*** Opening DATA UNDER STUDY ***

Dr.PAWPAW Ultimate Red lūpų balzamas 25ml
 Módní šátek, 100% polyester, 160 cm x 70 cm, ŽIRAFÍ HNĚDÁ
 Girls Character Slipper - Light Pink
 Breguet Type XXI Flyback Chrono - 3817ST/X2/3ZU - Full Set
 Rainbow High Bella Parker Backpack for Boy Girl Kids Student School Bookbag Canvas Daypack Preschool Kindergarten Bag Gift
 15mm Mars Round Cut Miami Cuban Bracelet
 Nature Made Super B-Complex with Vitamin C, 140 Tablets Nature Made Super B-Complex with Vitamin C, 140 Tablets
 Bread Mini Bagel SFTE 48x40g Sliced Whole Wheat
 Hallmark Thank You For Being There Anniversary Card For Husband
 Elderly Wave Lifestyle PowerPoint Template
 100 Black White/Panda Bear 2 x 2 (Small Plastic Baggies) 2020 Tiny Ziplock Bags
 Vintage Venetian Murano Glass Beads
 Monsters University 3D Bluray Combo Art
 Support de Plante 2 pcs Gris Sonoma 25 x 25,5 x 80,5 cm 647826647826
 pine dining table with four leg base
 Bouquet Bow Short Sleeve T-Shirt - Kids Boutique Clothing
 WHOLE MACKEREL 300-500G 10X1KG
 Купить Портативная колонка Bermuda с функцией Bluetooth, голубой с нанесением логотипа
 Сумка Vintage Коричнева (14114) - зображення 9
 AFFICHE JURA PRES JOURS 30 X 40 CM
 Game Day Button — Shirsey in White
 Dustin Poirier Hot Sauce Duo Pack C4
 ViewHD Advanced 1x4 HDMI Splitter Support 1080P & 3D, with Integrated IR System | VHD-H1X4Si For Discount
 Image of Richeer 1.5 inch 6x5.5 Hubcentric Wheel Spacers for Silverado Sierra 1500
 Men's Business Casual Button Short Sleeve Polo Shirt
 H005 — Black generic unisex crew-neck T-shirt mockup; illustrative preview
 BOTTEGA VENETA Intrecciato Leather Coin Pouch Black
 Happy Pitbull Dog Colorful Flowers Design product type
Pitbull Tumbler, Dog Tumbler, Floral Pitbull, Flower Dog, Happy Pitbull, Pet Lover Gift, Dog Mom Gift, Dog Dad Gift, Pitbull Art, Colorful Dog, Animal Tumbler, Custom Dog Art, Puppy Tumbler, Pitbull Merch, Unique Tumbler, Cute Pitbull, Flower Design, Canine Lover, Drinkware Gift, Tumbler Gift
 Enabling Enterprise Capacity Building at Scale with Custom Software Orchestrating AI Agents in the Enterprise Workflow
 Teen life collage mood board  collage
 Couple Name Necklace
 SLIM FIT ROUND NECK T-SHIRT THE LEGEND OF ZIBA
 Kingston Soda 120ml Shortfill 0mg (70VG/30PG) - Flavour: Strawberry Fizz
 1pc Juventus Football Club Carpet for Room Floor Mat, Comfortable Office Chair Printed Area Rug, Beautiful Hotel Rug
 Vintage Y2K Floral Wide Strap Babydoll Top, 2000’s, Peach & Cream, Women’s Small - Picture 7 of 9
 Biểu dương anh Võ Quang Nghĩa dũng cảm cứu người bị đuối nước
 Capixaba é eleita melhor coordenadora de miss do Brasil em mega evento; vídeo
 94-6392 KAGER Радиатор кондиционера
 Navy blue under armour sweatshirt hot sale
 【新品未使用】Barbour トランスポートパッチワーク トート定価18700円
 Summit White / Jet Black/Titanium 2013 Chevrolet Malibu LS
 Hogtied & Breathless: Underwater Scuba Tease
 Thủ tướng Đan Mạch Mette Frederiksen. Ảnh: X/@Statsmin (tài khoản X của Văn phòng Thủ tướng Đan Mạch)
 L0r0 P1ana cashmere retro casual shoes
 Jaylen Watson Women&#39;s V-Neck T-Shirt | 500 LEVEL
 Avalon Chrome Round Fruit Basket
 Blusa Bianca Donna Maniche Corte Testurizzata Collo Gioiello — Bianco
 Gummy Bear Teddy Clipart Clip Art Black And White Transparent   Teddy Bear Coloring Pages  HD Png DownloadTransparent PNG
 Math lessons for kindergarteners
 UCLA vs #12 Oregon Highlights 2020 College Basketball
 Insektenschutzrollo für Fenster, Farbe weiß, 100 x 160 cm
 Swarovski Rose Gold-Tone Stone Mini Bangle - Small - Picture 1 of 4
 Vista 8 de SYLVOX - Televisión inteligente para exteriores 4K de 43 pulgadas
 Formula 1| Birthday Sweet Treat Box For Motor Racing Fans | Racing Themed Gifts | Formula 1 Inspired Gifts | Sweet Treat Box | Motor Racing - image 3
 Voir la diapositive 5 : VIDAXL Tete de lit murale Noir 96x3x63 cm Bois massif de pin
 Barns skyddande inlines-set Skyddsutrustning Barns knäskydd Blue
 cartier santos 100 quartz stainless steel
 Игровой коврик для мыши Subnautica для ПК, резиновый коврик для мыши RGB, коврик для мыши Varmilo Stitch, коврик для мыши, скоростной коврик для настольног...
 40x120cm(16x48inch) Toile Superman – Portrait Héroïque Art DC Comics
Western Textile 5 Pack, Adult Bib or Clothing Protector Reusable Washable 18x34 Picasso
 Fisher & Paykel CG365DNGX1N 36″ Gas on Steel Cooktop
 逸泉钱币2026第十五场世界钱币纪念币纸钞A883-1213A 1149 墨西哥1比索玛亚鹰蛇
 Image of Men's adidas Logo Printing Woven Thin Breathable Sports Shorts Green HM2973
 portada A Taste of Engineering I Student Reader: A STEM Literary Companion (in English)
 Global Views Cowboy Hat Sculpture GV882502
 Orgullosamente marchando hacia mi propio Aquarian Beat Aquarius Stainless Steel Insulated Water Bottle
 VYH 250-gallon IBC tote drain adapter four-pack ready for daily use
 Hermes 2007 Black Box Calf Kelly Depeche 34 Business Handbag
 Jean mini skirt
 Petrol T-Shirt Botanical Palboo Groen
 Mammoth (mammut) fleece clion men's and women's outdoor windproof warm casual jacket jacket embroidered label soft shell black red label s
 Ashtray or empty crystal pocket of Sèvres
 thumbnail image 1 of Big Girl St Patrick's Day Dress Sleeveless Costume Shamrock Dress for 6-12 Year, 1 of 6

*** Closing DATA UNDER STUDY ***

All of the data above should be transcribed exactly.

Dr.PAWPAW Ultimate Red lūpų balzamas 25ml
 Módní šátek, 100% polyester, 160 cm x 70 cm, ŽIRAFÍ HNĚDÁ
 Girls Character Slipper - Light Pink
 Breguet Type XXI Flyback Chrono - 3817ST/X2/3ZU - Full Set
 Rainbow High Bella Parker Backpack for Boy Girl Kids Student School Bookbag Canvas Daypack Preschool Kindergarten Bag Gift
 15mm Mars Round Cut Miami Cuban Bracelet
 Nature Made Super B-Complex with Vitamin C, 140 Tablets Nature Made Super B-Complex with Vitamin C, 140 Tablets
 Bread Mini Bagel SFTE 48x40g Sliced Whole Wheat
 Hallmark Thank You For Being There Anniversary Card For Husband
 Elderly Wave Lifestyle PowerPoint Template
 100 Black White/Panda Bear 2 x 2 (Small Plastic Baggies) 2020 Tiny Ziplock Bags
 Vintage Venetian Murano Glass Beads
 Monsters University 3D Bluray Combo Art
 Support de Plante 2 pcs Gris Sonoma 25 x 25,5 x 80,5 cm 647826647826
 pine dining table with four leg base
 Bouquet Bow Short Sleeve T-Shirt - Kids Boutique Clothing
 WHOLE MACKEREL 300-500G 10X1KG
 Купить Портативная колонка Bermuda с функцией Bluetooth, голубой с нанесением логотипа
 Сумка Vintage Коричнева (14114) - зображення 9
 AFFICHE JURA PRES JOURS 30 X 40 CM
 Game Day Button — Shirsey in White
 Dustin Poirier Hot Sauce Duo Pack C4
 ViewHD Advanced 1x4 HDMI Splitter Support 1080P & 3D, with Integrated IR System | VHD-H1X4Si For Discount
 Image of Richeer 1.5 inch 6x5.5 Hubcentric Wheel Spacers for Silverado Sierra 1500
 Men's Business Casual Button Short Sleeve Polo Shirt
 H005 — Black generic unisex crew-neck T-shirt mockup; illustrative preview
 BOTTEGA VENETA Intrecciato Leather Coin Pouch Black
 Happy Pitbull Dog Colorful Flowers Design product type
Pitbull Tumbler, Dog Tumbler, Floral Pitbull, Flower Dog, Happy Pitbull, Pet Lover Gift, Dog Mom Gift, Dog Dad Gift, Pitbull Art, Colorful Dog, Animal Tumbler, Custom Dog Art, Puppy Tumbler, Pitbull Merch, Unique Tumbler, Cute Pitbull, Flower Design, Canine Lover, Drinkware Gift, Tumbler Gift
 Enabling Enterprise Capacity Building at Scale with Custom Software Orchestrating AI Agents in the Enterprise Workflow
 Teen life collage mood board  collage
 Couple Name Necklace
 SLIM FIT ROUND NECK T-SHIRT THE LEGEND OF ZIBA
 Kingston Soda 120ml Shortfill 0mg (70VG/30PG) - Flavour: Strawberry Fizz
 1pc Juventus Football Club Carpet for Room Floor Mat, Comfortable Office Chair Printed Area Rug, Beautiful Hotel Rug
 Vintage Y2K Floral Wide Strap Babydoll Top, 2000’s, Peach & Cream, Women’s Small - Picture 7 of 9
 Biểu dương anh Võ Quang Nghĩa dũng cảm cứu người bị đuối nước
 Capixaba é eleita melhor coordenadora de miss do Brasil em mega evento; vídeo
 94-6392 KAGER Радиатор кондиционера
 Navy blue under armour sweatshirt hot sale
 【新品未使用】Barbour トランスポートパッチワーク トート定価18700円
 Summit White / Jet Black/Titanium 2013 Chevrolet Malibu LS
 Hogtied & Breathless: Underwater Scuba Tease
 Thủ tướng Đan Mạch Mette Frederiksen. Ảnh: X/@Statsmin (tài khoản X của Văn phòng Thủ tướng Đan Mạch)
 L0r0 P1ana cashmere retro casual shoes
 Jaylen Watson Women&#39;s V-Neck T-Shirt | 500 LEVEL
 Avalon Chrome Round Fruit Basket
 Blusa Bianca Donna Maniche Corte Testurizzata Collo Gioiello — Bianco
 Gummy Bear Teddy Clipart Clip Art Black And White Transparent   Teddy Bear Coloring Pages  HD Png DownloadTransparent PNG
 Math lessons for kindergarteners
 UCLA vs #12 Oregon Highlights 2020 College Basketball
 Insektenschutzrollo für Fenster, Farbe weiß, 100 x 160 cm
 Swarovski Rose Gold-Tone Stone Mini Bangle - Small - Picture 1 of 4
 Vista 8 de SYLVOX - Televisión inteligente para exteriores 4K de 43 pulgadas
 Formula 1| Birthday Sweet Treat Box For Motor Racing Fans | Racing Themed Gifts | Formula 1 Inspired Gifts | Sweet Treat Box | Motor Racing - image 3
 Voir la diapositive 5 : VIDAXL Tete de lit murale Noir 96x3x63 cm Bois massif de pin
 Barns skyddande inlines-set Skyddsutrustning Barns knäskydd Blue
 cartier santos 100 quartz stainless steel
 Игровой коврик для мыши Subnautica для ПК, резиновый коврик для мыши RGB, коврик для мыши Varmilo Stitch, коврик для мыши, скоростной коврик для настольног...
 40x120cm(16x48inch) Toile Superman – Portrait Héroïque Art DC Comics
Western Textile 5 Pack, Adult Bib or Clothing Protector Reusable Washable 18x34 Picasso
 Fisher & Paykel CG365DNGX1N 36″ Gas on Steel Cooktop
 逸泉钱币2026第十五场世界钱币纪念币纸钞A883-1213A 1149 墨西哥1比索玛亚鹰蛇
 Image of Men's adidas Logo Printing Woven Thin Breathable Sports Shorts Green HM2973
 portada A Taste of Engineering I Student Reader: A STEM Literary Companion (in English)
 Global Views Cowboy Hat Sculpture GV882502
 Orgullosamente marchando hacia mi propio Aquarian Beat Aquarius Stainless Steel Insulated Water Bottle
 VYH 250-gallon IBC tote drain adapter four-pack ready for daily use
 Hermes 2007 Black Box Calf Kelly Depeche 34 Business Handbag
 Jean mini skirt
 Petrol T-Shirt Botanical Palboo Groen
 Mammoth (mammut) fleece clion men's and women's outdoor windproof warm casual jacket jacket embroidered label soft shell black red label s
 Ashtray or empty crystal pocket of Sèvres
 thumbnail image 1 of Big Girl St Patrick's Day Dress Sleeveless Costume Shamrock Dress for 6-12 Year, 1 of 6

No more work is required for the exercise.